**Activity**: What is needed is an exact copy of the lines from the line holding "DG silver leather 3.8cm belts - 3" through the end of the material, with no other lines and no pictures.

**Input data**:
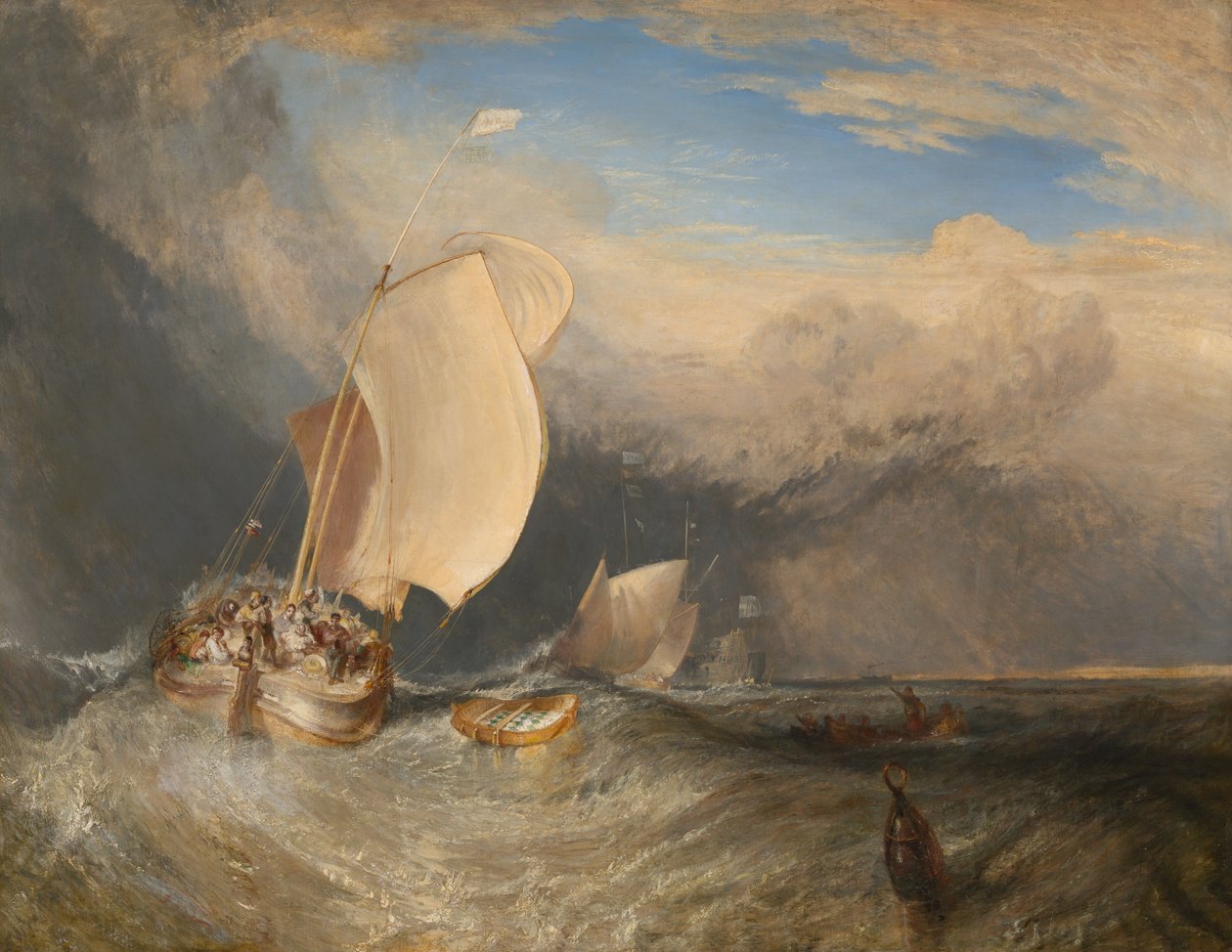 Kalastusveneet, joissa on kalastajia tinkimässä kaloista tekijältä Joseph Mallord William Turner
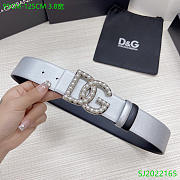 DG silver leather 3.8cm belts - 3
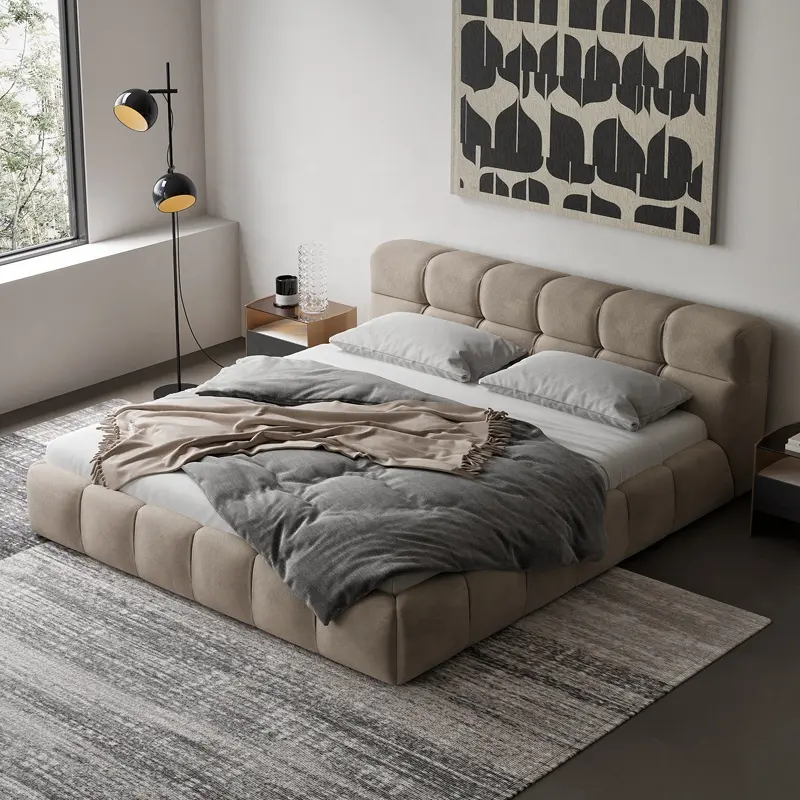 Nordic Furniture Upholstery Designer Beds italian leather bed king size 1.8 m double luxury bed modern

**Output for this task**:
 DG silver leather 3.8cm belts - 3
 Nordic Furniture Upholstery Designer Beds italian leather bed king size 1.8 m double luxury bed modern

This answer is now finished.